▶ **THE TASK**
The lines below, from the first through the one containing "Women's Articles Of", are to be given again exactly, with pictures left out and nothing added.

▶ **INFORMATION GIVEN**
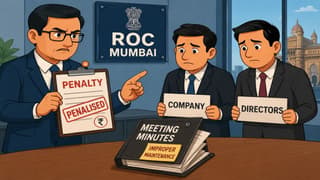 ROC Mumbai Penalises Company, Directors for Improper Maintenance of Meeting Minutes
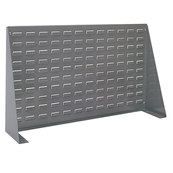 Grey, 36" x 8" x 20" Louvered Bench Rack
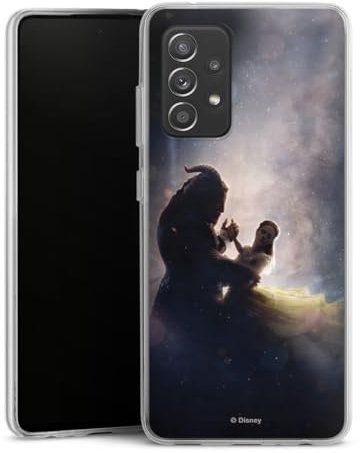 DeinDesign Silikon Hülle kompatibel mit Samsung Galaxy A52s 5G Case transparent Handyhülle Die Schöne und das Biest Disney Princess Offizielles Lizenzprodukt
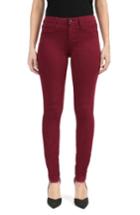 Women's Articles Of Society Sarah Release Hem Skinny Jeans - Red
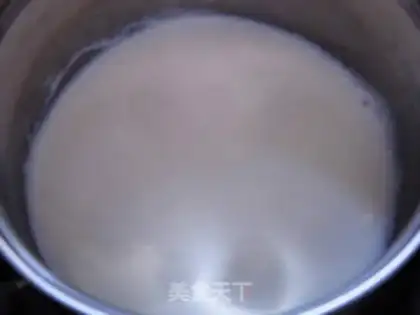 Make Coconut bread pudding step 1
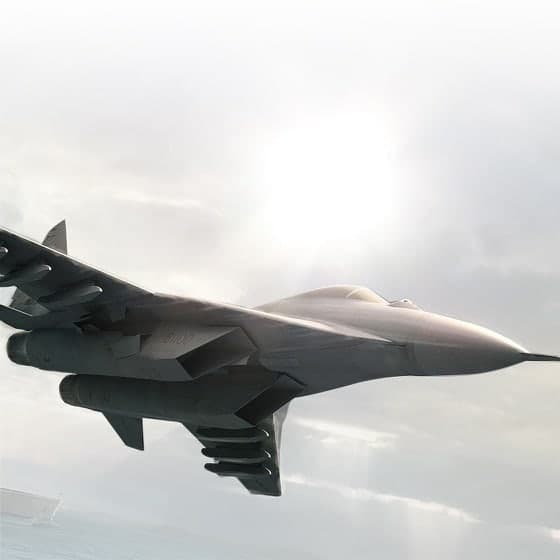 L'image d'un avion dans le ciel illustre le taux de rafraîchissement élevé de la dalle OLED, qui permet de voir une image claire et fluide à grande vitesse.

▶ **RESPONSE AREA**
 ROC Mumbai Penalises Company, Directors for Improper Maintenance of Meeting Minutes
 Grey, 36" x 8" x 20" Louvered Bench Rack
 DeinDesign Silikon Hülle kompatibel mit Samsung Galaxy A52s 5G Case transparent Handyhülle Die Schöne und das Biest Disney Princess Offizielles Lizenzprodukt
 Women's Articles Of Society Sarah Release Hem Skinny Jeans - Red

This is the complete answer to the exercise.